• Hurricane Tammy - Worrisome

    From 56d.1152@21:1/5 to All on Sat Oct 28 01:42:02 2023
    XPost: talk.politics.misc, alt.survival, alt.science

    https://www.tropicaltidbits.com/storminfo/#20L

    The hurricane models CANNOT get a grip on this
    thing. It's kinda stuck in an eddy caused by
    the start-up of the winter cold fronts.

    Yesterday they had it moving close to Bermuda
    before doing a loop-de-loop out to the north.

    Today they have it going well SOUTH before
    doing the loop-de-loop ... and a few of
    the prediction tracks head straight for
    the US mainland, some as far south as Miami.

    They've been predicting weakening for a LONG
    time now, but yesterday it was a strong cat-1.
    Today a TS, but if it moves south again ....

    This reminds of hurricane Jeanne ... it LOOKED
    like it was headed towards oblivion but did a
    loop-de-loop and crashed into central Florida
    as a cat-3 - impact literally within like a
    mile of where cat-2+ Frances had hit barely
    two weeks before.

    I was THERE. Like Frances it became a very
    slow moving storm as it approached the coast,
    the eye-wall expanding to maybe 40 miles
    wide. Because of the slowness/direction, I
    was in the eye-wall for like 12 HOURS. It
    shook everything apart. The surviving radio
    stations did nothing but shout out warnings
    about the latest tornadoes ... all night long.
    Spent that night in a hallway, with as many
    walls between me and the outside as possible.
    Ah, that SOUND ... a hundred screaming banchees.

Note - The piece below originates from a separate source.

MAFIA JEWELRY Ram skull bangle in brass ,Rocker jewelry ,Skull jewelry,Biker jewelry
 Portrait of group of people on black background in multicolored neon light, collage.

    Power and everything else was GONE for about
    2-3 WEEKS. The cell towers died - leaving
    the kiddies in a sort of media-minus coma.
    Other states sent tons of utility workers,
    but the damage was basically complete -they
    had to rebuild everything from scratch.

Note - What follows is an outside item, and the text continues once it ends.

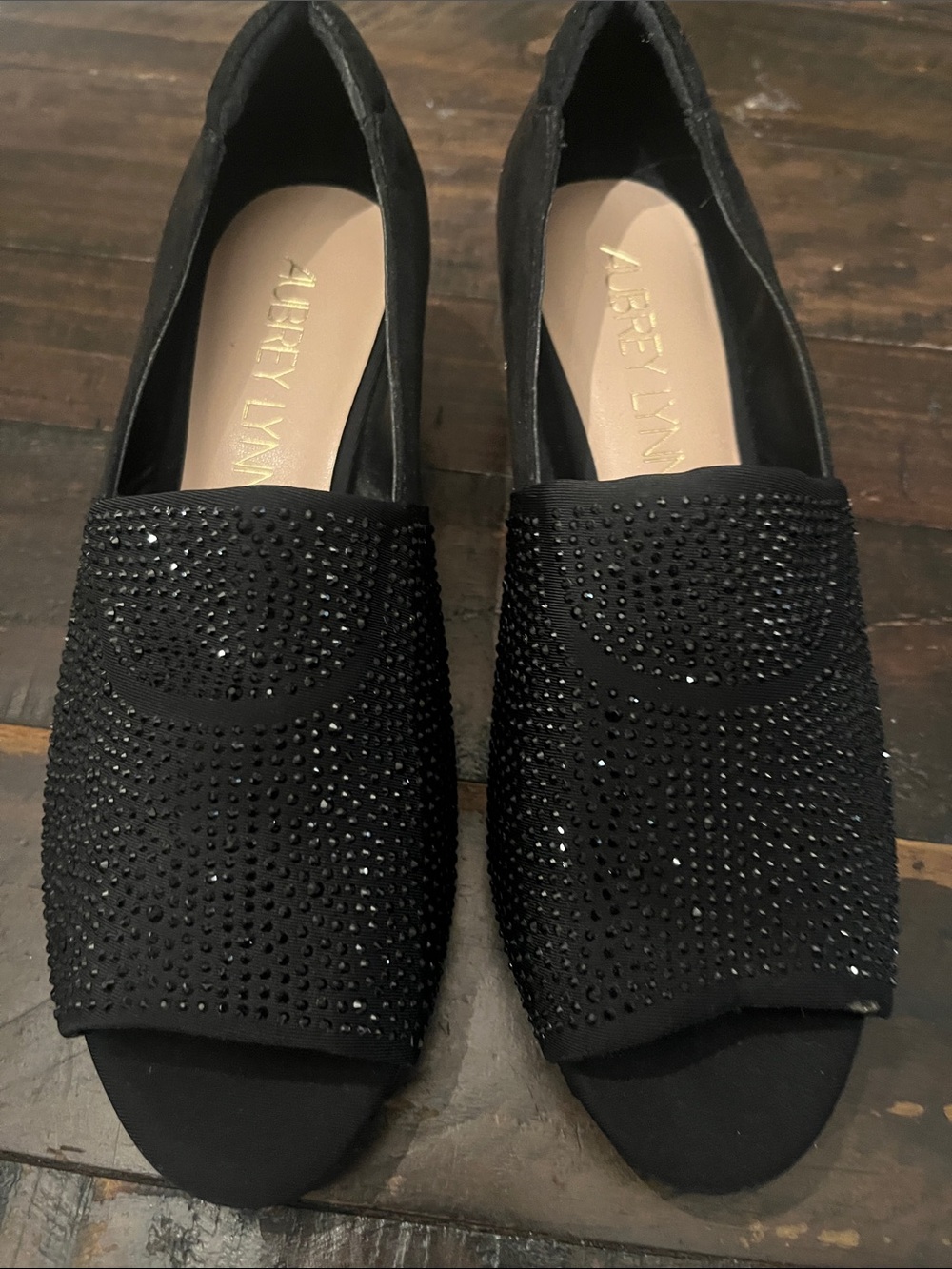 Aubrey Lynn Black Rhinestone Peep-Toe Heels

    While those with metal roofs did kinda ok,
    most everyone with shingle/tar roofs lost
    EVERYTHING. All the residential streets were
    six to eight FEET high with the entire contents
    of houses ... furnishings, appliances, carpets,
    often even dry-wall. Power/phone/net lines
    were just a destroyed tangle, trees near the
    water lines pulled THEM up - even the big
    poles were often snapped in half and fell onto
    the streets, or houses.

    There were no leaves left on the trees,
    except some local cedars - where only
    ONE row of twigs remained on the NW side.

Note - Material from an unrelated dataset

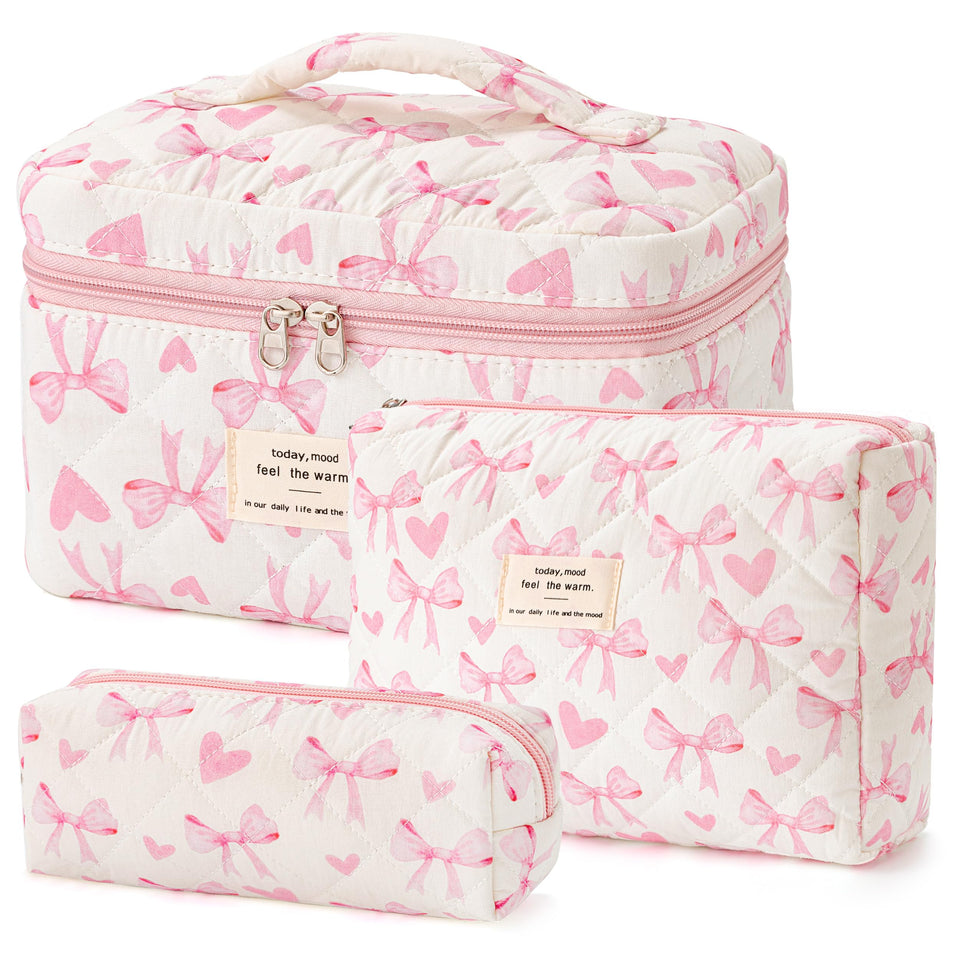 HBselect quilted makeup bag with floral large interior, ideal for full makeup kit on trips.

    It was just WEIRD, SURREAL. Cat-3 doesn't sound
    like the worst, but let it PERSIST for 12+
    hours and ......

    On Ft. Pierce beach I saw a 4-floor condo,
    not that old, where all the stucco exterior
    had been peeled off - and made cannon-ball
    craters in everything downwind.

    Google-Earth has 'historical' photos ... try
    those, and view the SEA of "blue roofs".

    THIS is why loop-de-loop storms worry me.